Ricchi più ricchi anche con la crisi, ma qualcosa sta cambiando
Ricchi più ricchi anche con la crisi, ma qualcosa sta cambiando

Tutto ciò che toccano i re Mida dell’economia diventa oro: anche la crisi, che pur li ha sfiorati. Un nero 2012 per le famiglie e le piccole imprese ha visto infatti aumentare la ricchezza per i 100 uomini già più ricchi del pianeta.

Secondo il Bloomberg Billionaires Index la loro ricchezza complessiva ha toccato quota 1.900 miliardi di dollari, con un +241 miliardi. A capeggiare la lista dei Paperoni del 2012 è il messicano Carlos Slim, seguito a ruota da Bill Gates e Amancio Ortega. Dobbiamo aspettare la 24esima posizione per vedere il primo italiano in classifica, Michele Ferrero.
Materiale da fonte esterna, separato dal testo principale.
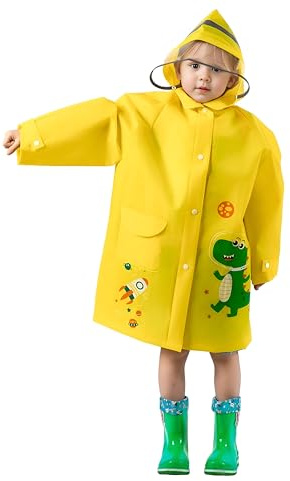 amo nenes Chubasquero Ligero Niños Niñas, Impermeable EVA Poncho de Lluvia Reutilizable con Funda para Mochila de Dibujos Animados, Deportivo, Unisex, 1-12 Años, L Dinosaurio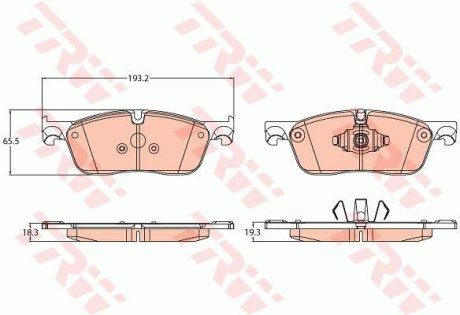 Комплект гальмівних колодок з 4 шт. дисків TRW GDB2119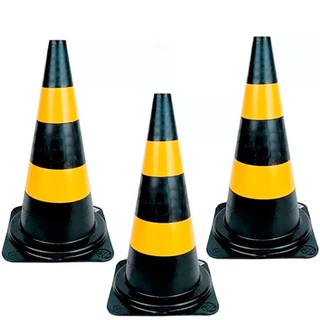 Kit 3 Cones para sinalização 75cm 2 faixas - RM-44 Multimarcas em Oferta na Shopee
La fortuna dei grandi ricchi non aiuta però il resto dei "poveri" cittadini. Come ricorda l’Ocse, le disuguaglianze economiche continuano ad aumentare in questi anni di crisi (in Italia più che altrove), e non è un caso se la macchina economica nel suo complesso rallenta. Non è più un obbligo accettare l’imposizione della liberissima impresa che, sola, risulta capace di creare ricchezza e benessere per tutti, e per questo occorre lasciarle briglia sciolta. Che la musica stia dunque per cambiare?

L’aumento delle tasse sui ricchi col quale Obama – con 600 miliardi di dollari in più in 10 anni – ha salvato gli Usa dal baratro fiscale nel quale stavano per affondare a fine anno è stato accolto da un’impennata della borse in tutto il mondo. Un fine conoscitore degli Stati Uniti come Federico Rampini, in prima pagina su la Repubblica, si sbilancia fino a ritenerla «la fine del pensiero unico. La vittoria di Obama con il varo della sua manovra fiscale redistributiva seppellisce un dogma che ha dominato da decenni: l’idea che la ricetta del benessere fosse "meno Stato, meno tasse, meno regole". Il disastro del neoliberismo consumato con la grande crisi del 2008 giunge al suo epilogo più naturale: un cambio di paradigma».

Un giudizio forse fin troppo benevolo, ma la «legge che aumenta le tasse sul 2% degli americani più ricchi», come l’ha definita il presidente Obama, rappresenta un’inversione di rotta che non si verificava da circa vent’anni nella patria del capitalismo spinto. Poco più di un mese fa, lo speculatore e miliardario Warren Buffett (4° nella classifica Bloomberg), capeggiatore di quella schiera di ultraricchi che invocano più tasse, assicurava che i paperoni non sarebbero migrati con tasse più alte. Vogliamo sperare che il suo fiuto non si sia sbagliato neanche stavolta… tenendo comunque conto che la "famosa" segretaria di Buffett continua anche adesso a pagare in proporzione più tasse del suo datore di lavoro.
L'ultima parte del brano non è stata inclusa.